Opinion analysis: Dismissed prisoner suits count as “strikes” even while being appealed
In an opinion that is surprising in both its brevity and unanimity, the Supreme Court on Monday sided with the Sixth and Seventh Circuits (and against the Second, Third, Fourth, Fifth, Eighth, Ninth, Tenth, and D.C. Circuits) in holding that the dismissal of an in forma pauperis (“IFP”) prisoner’s prior suit counts as a “strike” for purposes of the Prison Litigation Reform Act’s “three strikes” provision even while an appeal of that dismissal remains pending. As a result, petitioner André Lee Coleman was not entitled to IFP status for lawsuits he filed while he appealed his “third” strike. But whereas Justice Stephen Breyer’s opinion for the Court in Coleman v. Tollefson purported to duck the harder question of whether Coleman would also have been barred from obtaining IFP status to appeal the third strike itself, it is difficult to see how the Court’s statutory analysis in Coleman’s case wouldn’t apply to those facts, as well.
As we summarized in our argument preview, the issue before the Court arises from the language of the so-called “three strikes” provision of the Prison Litigation Reform Act of 1996, 28 U.S.C. § 1915(g). That provision precludes IFP status for prisoners who have “on 3 or more prior occasions, while incarcerated or detained in any facility, brought an action or appeal in a court of the United States that was dismissed on the grounds that it is frivolous, malicious, or fails to state a claim upon which relief may be granted.” The question that divided the circuits is how the statute’s reference to “prior occasions” should be understood given its focus on “dismissals.” That is to say, does a district court’s dismissal count as a “prior occasion” even while it is being appealed? Or is a “prior occasion” measured by reference to the finality of the earlier proceeding – and, thus, the completion of any appellate review? In Coleman’s case, the Sixth Circuit ruled that a dismissal is a “prior occasion” even while it is being appealed – and until and unless the dismissal is reversed.

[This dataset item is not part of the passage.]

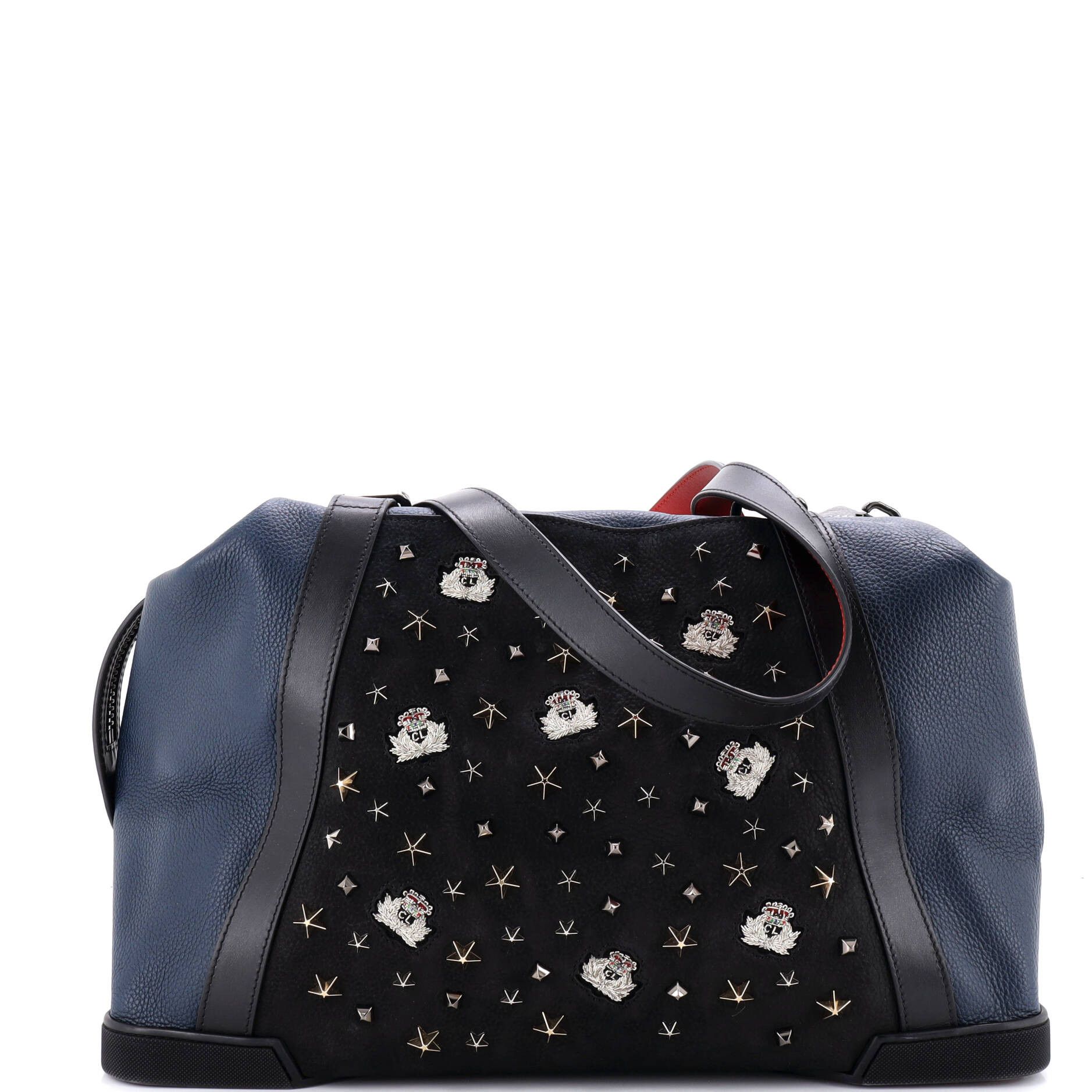 Christian Louboutin Bagdamon Boston Duffle Bag Size ONE SIZE - 1 Thumbnail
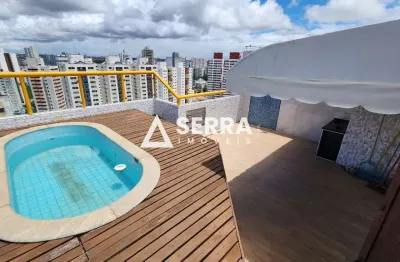 Imbuí | cobertura 3/4 | 148 m² | piscina privativa | vista livre | varanda gourmet infraestrutura completa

The Court made quick work of this question. As Justice Breyer wrote in his opinion for the Court, “the statute refers to whether an action or appeal ‘was dismissed.’ The linguistic term ‘dismiss,’ taken alone, does not normally include subsequent appellate activity. Indeed, § 1915 itself describes dismissal as an action taken by a single court, not as a sequence of events involving multiple courts.” Moreover, “we see nothing about the phrase ‘prior occasions’ that would transform a dismissal into a dismissal-plus-appellate-review.” As the Court continued, such a “literal reading” of the three-strikes provision is supported by both “the way in which the law ordinarily treats trial court judgments,” and Congress’s underlying purpose in enacting the provision. Although the Court conceded that such a reading of the statute creates a risk that “[a]n erroneous trial court dismissal might wrongly deprive a prisoner of in forma pauperis status with respect to lawsuits filed after a dismissal but before its reversal on appeal,” it dismissed that risk as marginal, invoking the federal government’s submission in its amicus brief that it could find only two instances in which third strikes had been reversed on appeal.

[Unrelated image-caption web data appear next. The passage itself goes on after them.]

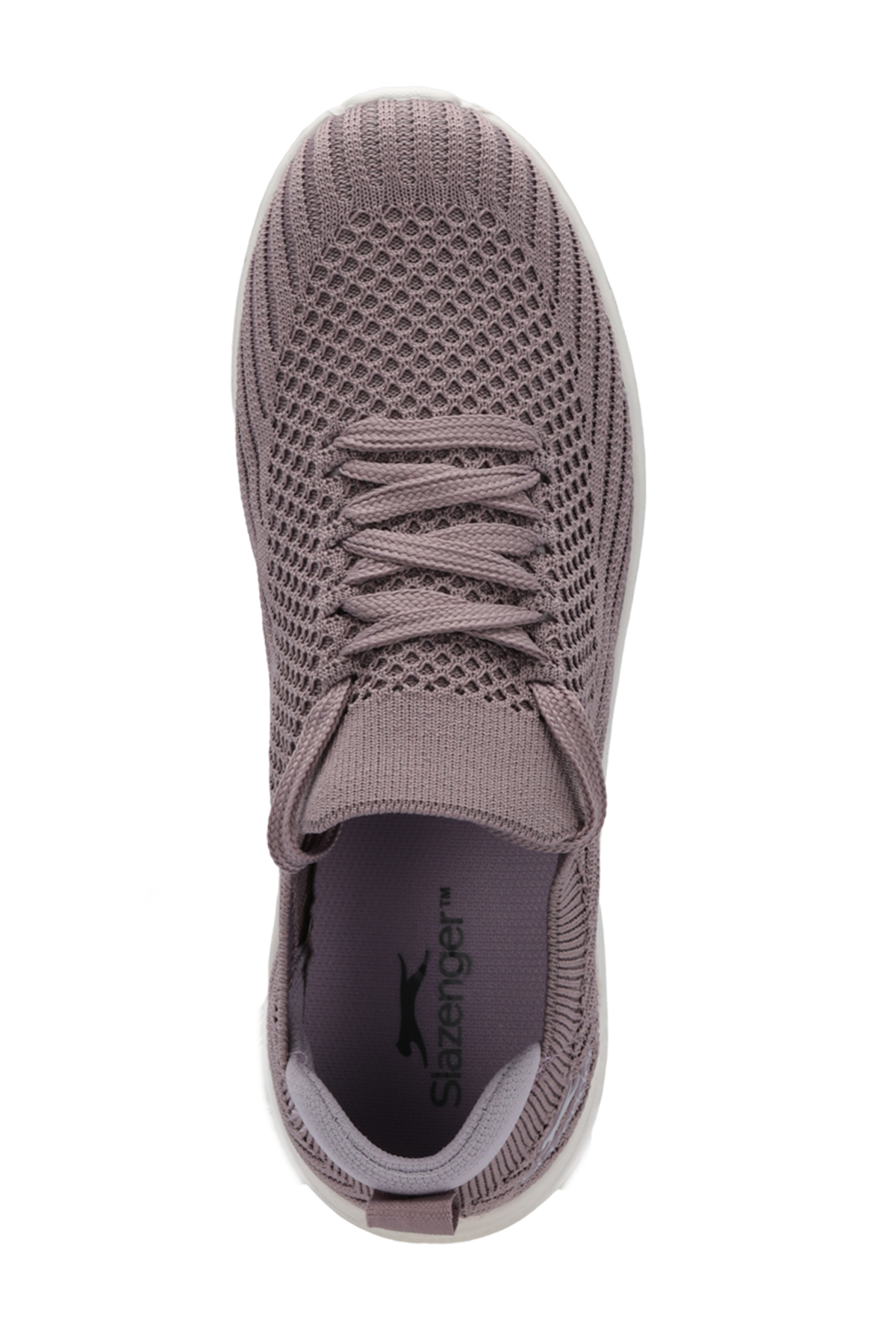 ALBORG Kadın Sneaker Ayakkabı Mürdüm - Görsel 6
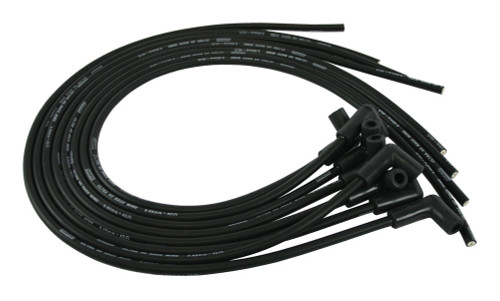 Ultra 40 Plug Wire Set - Black, by MOROSO, Man. Part # 73814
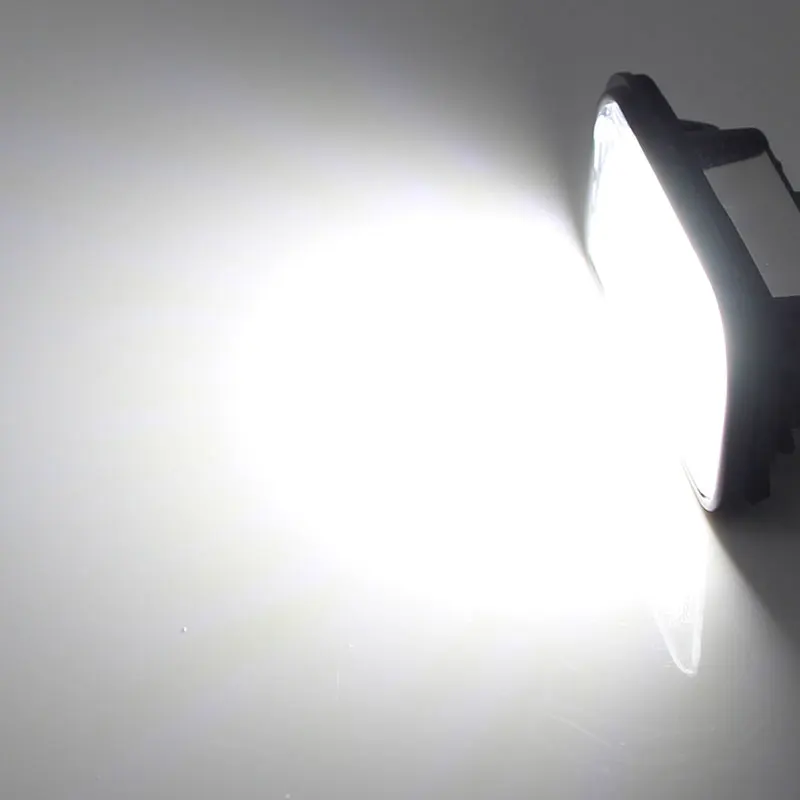 Без ошибок 2 шт. Автомобильный светодиодный номерной знак для Mercedes Benz W211 W203 5D W219 R171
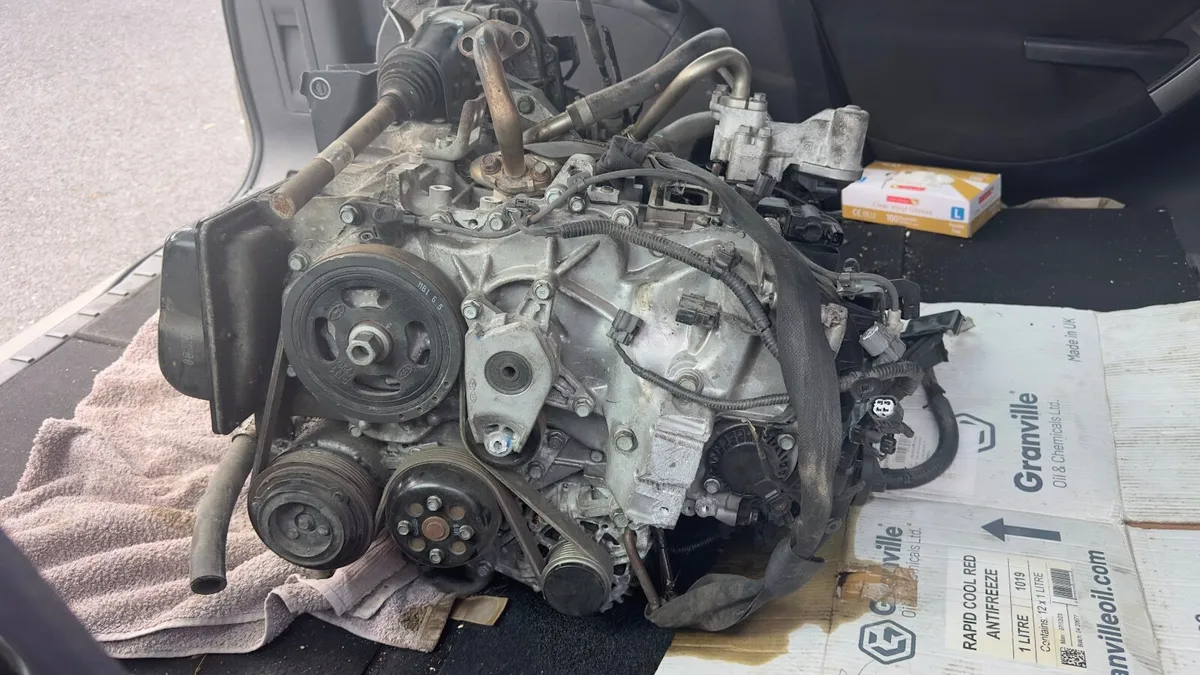 Engine KIA PIKANTO 2017- Up to now 1 L G3LA - Image 2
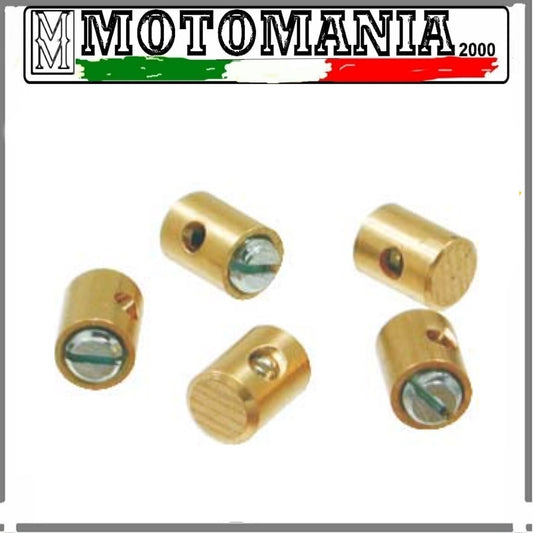 MORSETTO CAVO GAS PER PIAGGIO COSA 1-2  VESPA 50-90-100-125-150 / VESPA P-PK-PX*
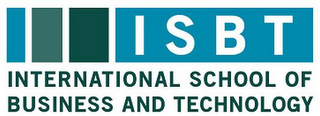 ISBT INTERNATIONAL SCHOOL OF BUSINESS AND TECHNOLOGY logo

The harder question raised in Coleman’s case is whether, under the Sixth Circuit’s approach, a prisoner would therefore also be barred from obtaining IFP status to appeal a third-strike dismissal (as opposed to filing a fourth-or-successive original suit). Although the federal government appeared as an amicus in support of the result of the decision below, it urged the Justices to split the difference – and to not count a dismissal as a “third strike” for purposes of appealing that dismissal, lest prisoners be left with no means of appealing erroneous third-strike dismissals.
Presumably, the brevity and unanimity of the opinion can be traced to its final section of analysis, in which the Court declined to resolve that question. As it explained, Coleman was appealing the dismissal of separate suits filed after the trial court dismissed his earlier third-strike suit. “With respect to those suits,” the Court concluded, “the earlier dismissals certainly took place on ‘prior occasions.’ If and when the situation that Coleman hypothesizes does arise, the courts can consider the problem in context.”

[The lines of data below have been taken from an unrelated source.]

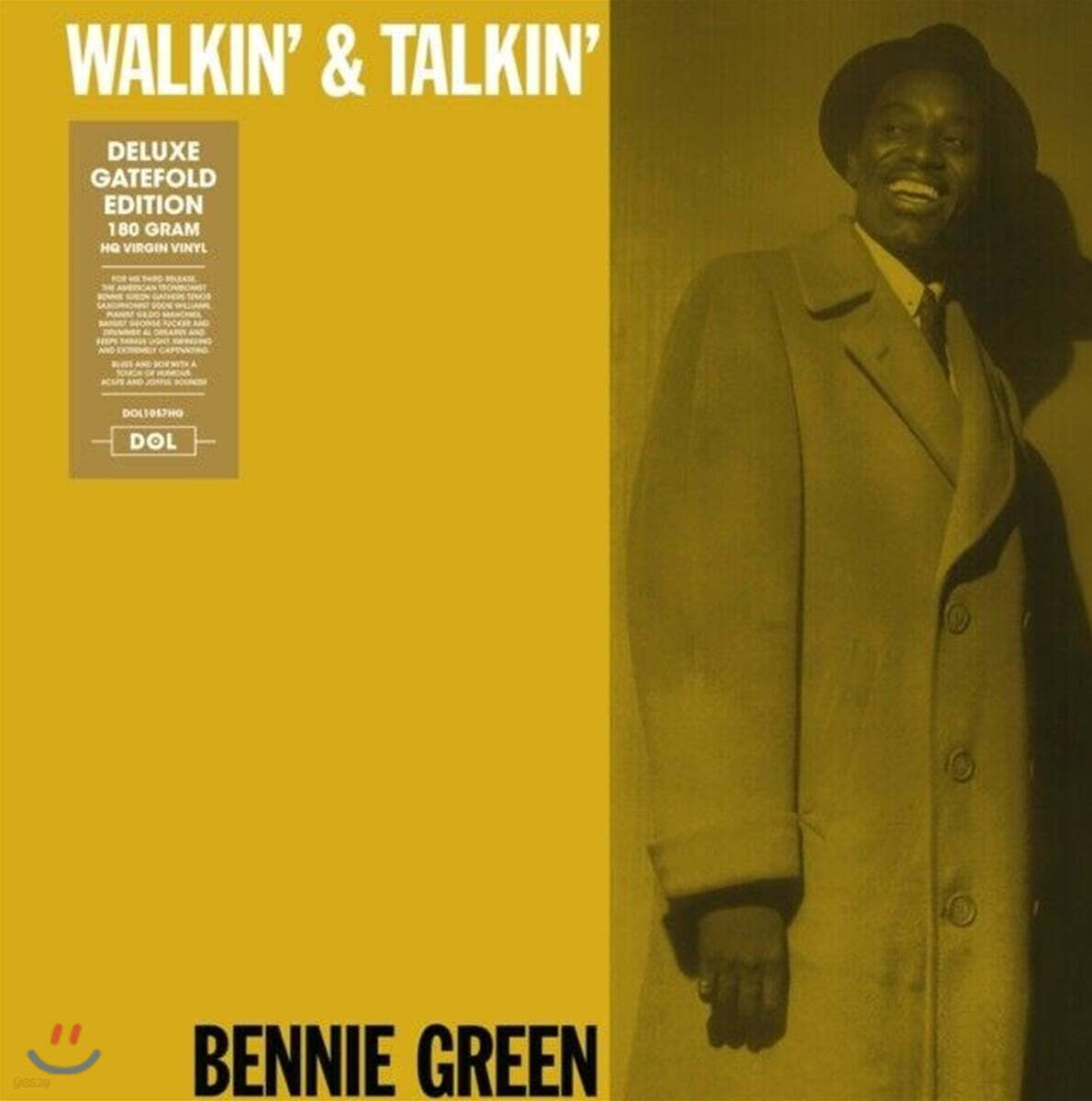 Bennie Green (베니 그린) - Walkin' And Talkin' [LP]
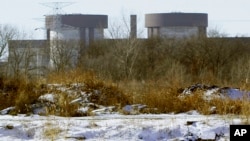 FILE - A view of Exelon Generation's Braidwood Nuclear Generating Station in Braceville, Ill., Dec. 14, 2010.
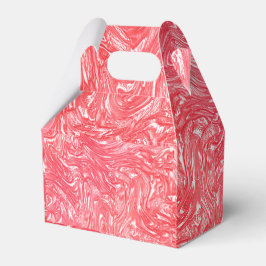 Färg struktur (pärlgrädda jordgubbsgrädde) presentaskar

And yet, it is difficult to reconcile the Court’s purported abstention from reaching this larger issue with its analysis of Coleman’s case specifically. After all, if the Court is correct that the plain language of Section 1915(g) requires dismissals to be treated as strikes for purposes of subsequently filed suits even while they are being appealed, it is hard to see how the same plain language wouldn’t treat the dismissal as a strike for purposes of appealing the dismissal itself. If the language of the statute really is “plain,” contrary to the eight circuits to conclude otherwise, then the Court’s decision seems to have answered the very question it claimed to be avoiding – and to bar prisoners from pursuing IFP appeals of third-strike dismissals, as well. And if the statute could reasonably admit of different answers depending upon whether the strike is barring IFP status for an appeal as opposed to IFP status for a fourth-or-successive prisoner suit, then perhaps its language is not so “plain,” after all.
Plain English: A federal statute requires indigent prisoners to pay filing fees for new lawsuits or appeals if, on three or more “prior occasions,” suits they have filed have been dismissed because they were clearly without any merit. The Supreme Court ruled unanimously that this statute applies even if one of the earlier dismissals is still under appeal when the prisoner files his new suit.